History: Scriptures say that five main melodies were derived from the union of Shiva and Shakti (female energy for Lord Shiva) The ones originated from Shiva are called ragas and the ones from Shakti – Raginis – wives of Ragas. Nat family of melodies is classified as ragas. Moreover, Sangita Makaranda of Narada has a mention of two systems – the first system where major melodies are eight in number and minor melodies twenty-four totaling to thirty-two. The main melodies are Bhupali, Bhairava, Malava, Padamanjari, Sri Raga, Nata, Vangala and Vasanta, three minor melodies are ascribed to each. So, in any case, Nat is a core raga that has the ability to impact the human emotions to a great extent.

Classical Singer Runki Goswami

Nuances: It is believed that a performance of any raga at a wrong time and wrong occasion could bring disaster. Ancient musicians and theorists demarcated twenty-four hours of the day and night into eight zones or praharas – each prahara consisting of three hours. The first prahara begins at 6 AM., the time of sunrise in India. Chayanat is supposed to be sung at night – 9 PM to 12 AM. As it is usual for all Nat family ragas, Chhayanat’s poorvanga leads with a prominent Re and Ma. The uttaranga is very typical of the Chaya ang and takes off with pancham as in Pa Dha Pa Pa Sa or Pa Pa Sa. This raga has an interesting combination of shudh and tivra ma. Tivra ma is only used in combinations like Dha Ma Pa, Pa Dha Ma Pa or Ma Pa Dha Pa. Aroha is Sa Re Re Ga ma Pa Pa Dha Pa Pa Sa and avaroha is Sa Ni Dha Pa ma Ga ma Re Sa.

Raga Chayanat in Bollywood: We asked her if anything is removed or added when a Bollywood song is based on this raga.

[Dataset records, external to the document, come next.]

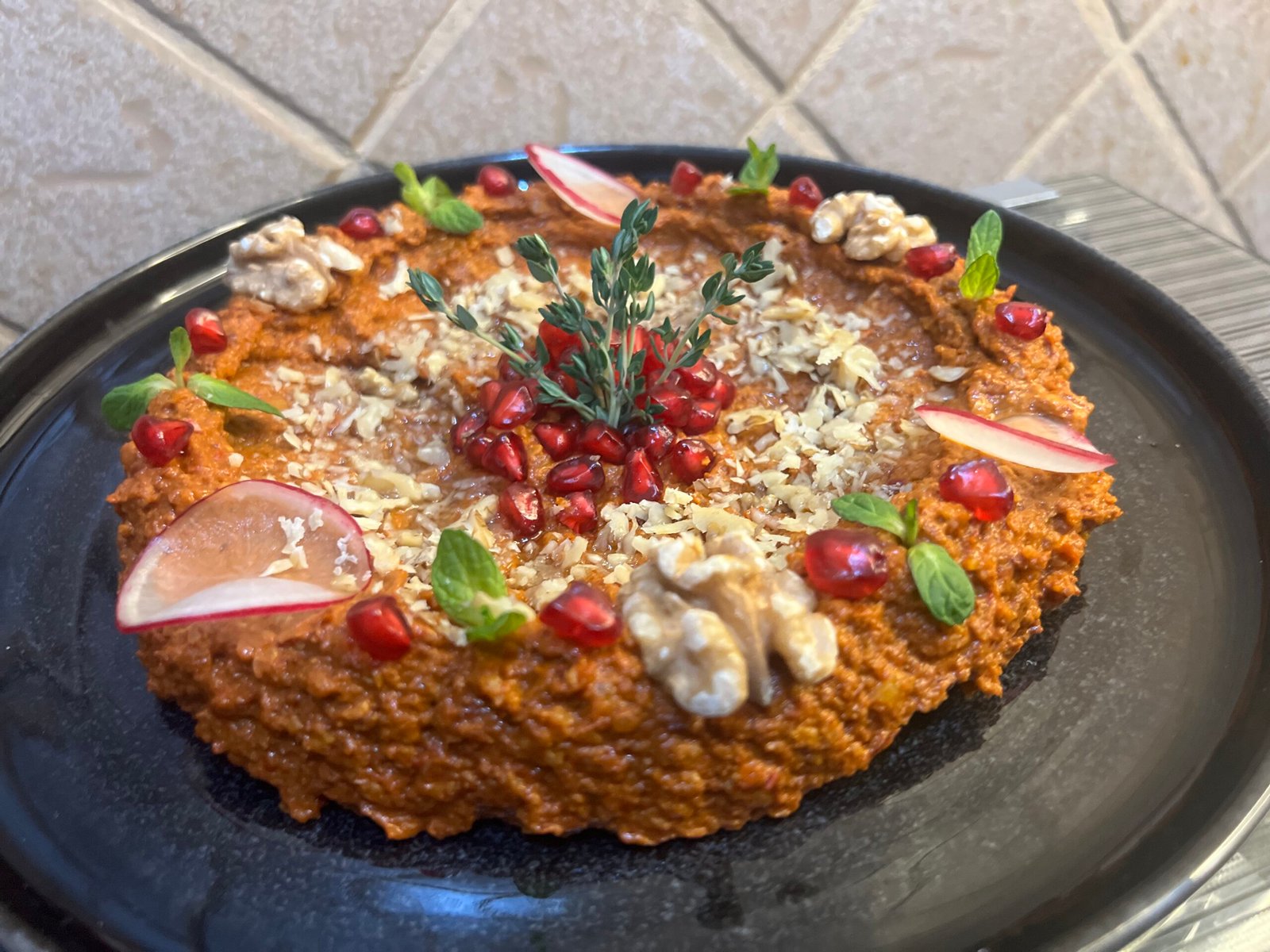 easy muhammara plate decorated with veggies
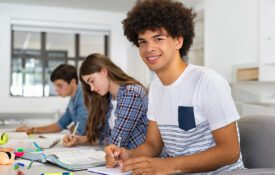 A group of teenagers sitting at a table in school which one male student looking into the camera.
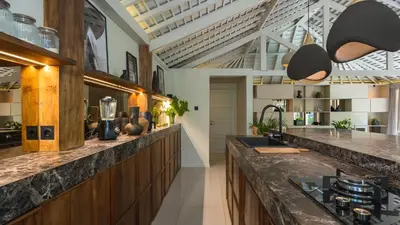 a kitchen with a large counter with a counter top at Villa Dreamora by Villa Finder in Seminyak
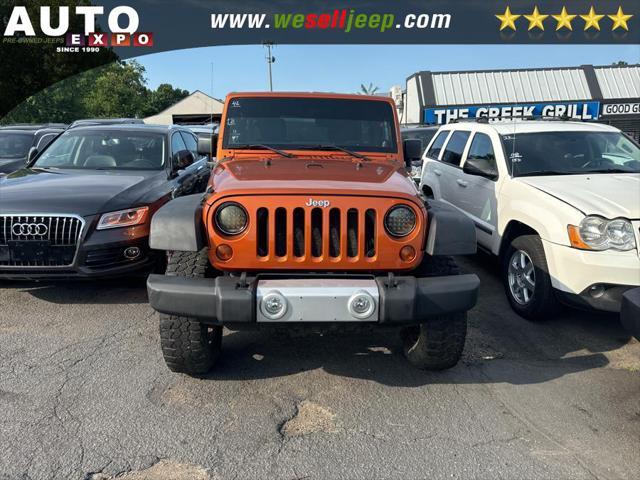 used 2011 Jeep Wrangler Unlimited car, priced at $13,995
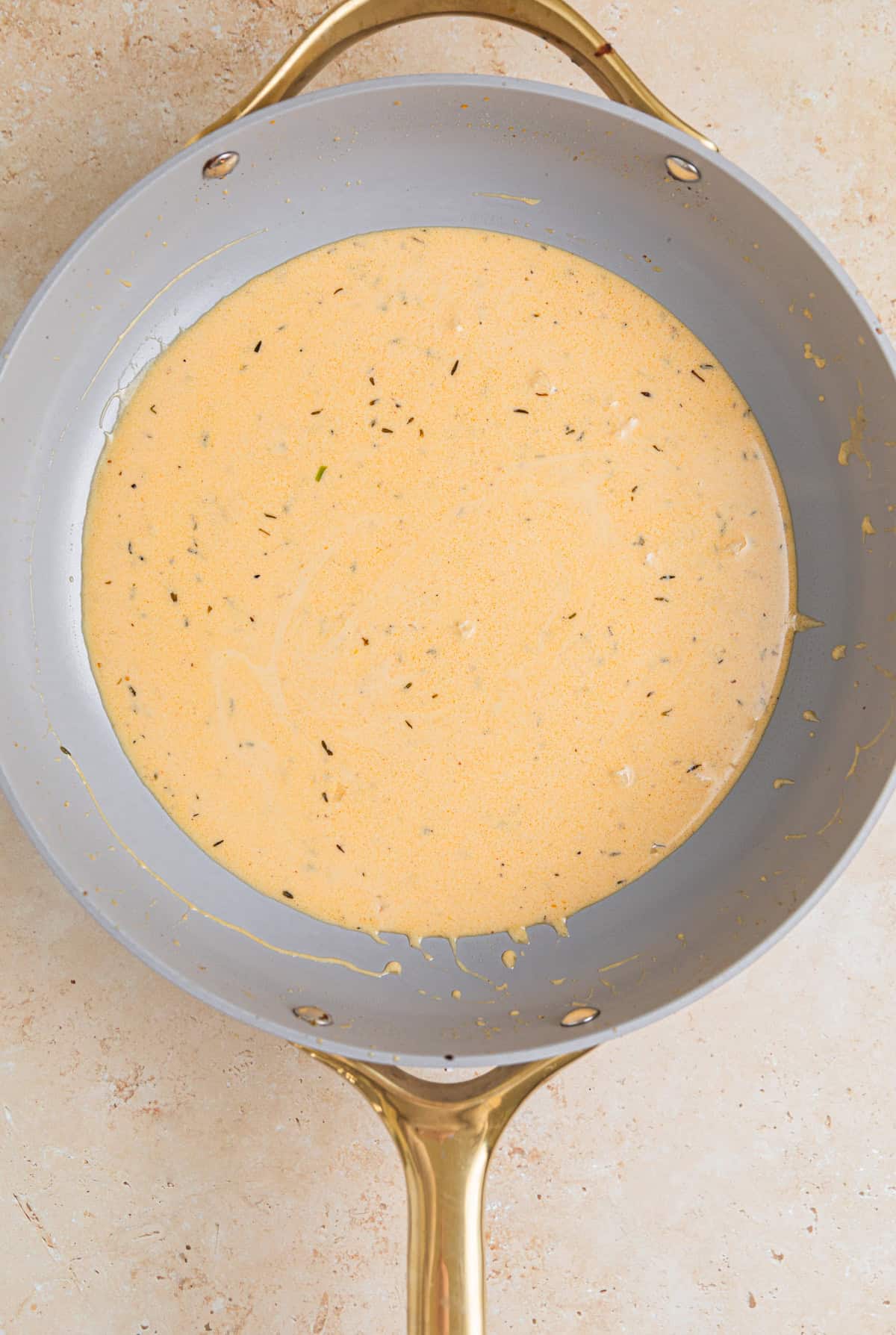 Creamy mustard sauce in skillet.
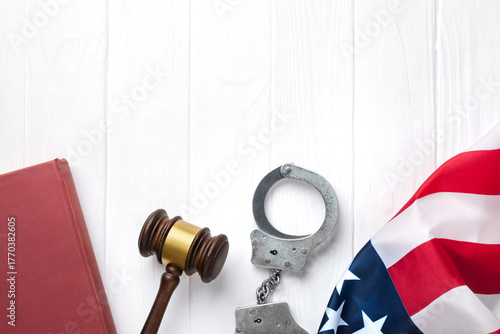 Fototapeta Judge gavel, handcuffs and law book with American flag on a white wooden desk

Her reply was, “Not really. Voice modulations can be incorporated based on the temperament.”

She selected these songs that represent Raga Chayanat in Bollywood:

Ek chatur naar karke singar… Padosan (1968)

Chanda re ja re ja re… Ziddi (1948)

Hum bekhudi mein tumko pukare chale gaye… Kala Pani (1958)

Rangrez apne hi rang mein… Bhaag Milkha Bhaag (2013)

Mujhse naraz ho toh… Papa Kehte Hain (1996)

Dekho jaadu bhare more nain… Aasman (1952)

Sharabi sharabi ye sawan ka mausam… Noor Jahan (1967)

Tere naina talash kare… Talash (1969)

Runki’s Take: You might see various opinions about the Thaat of the raga. Some say it’s Kalyan, some Bilawal. Majorly, it’s believed to be Thaat Kalyan because of the usage of tivra Ma.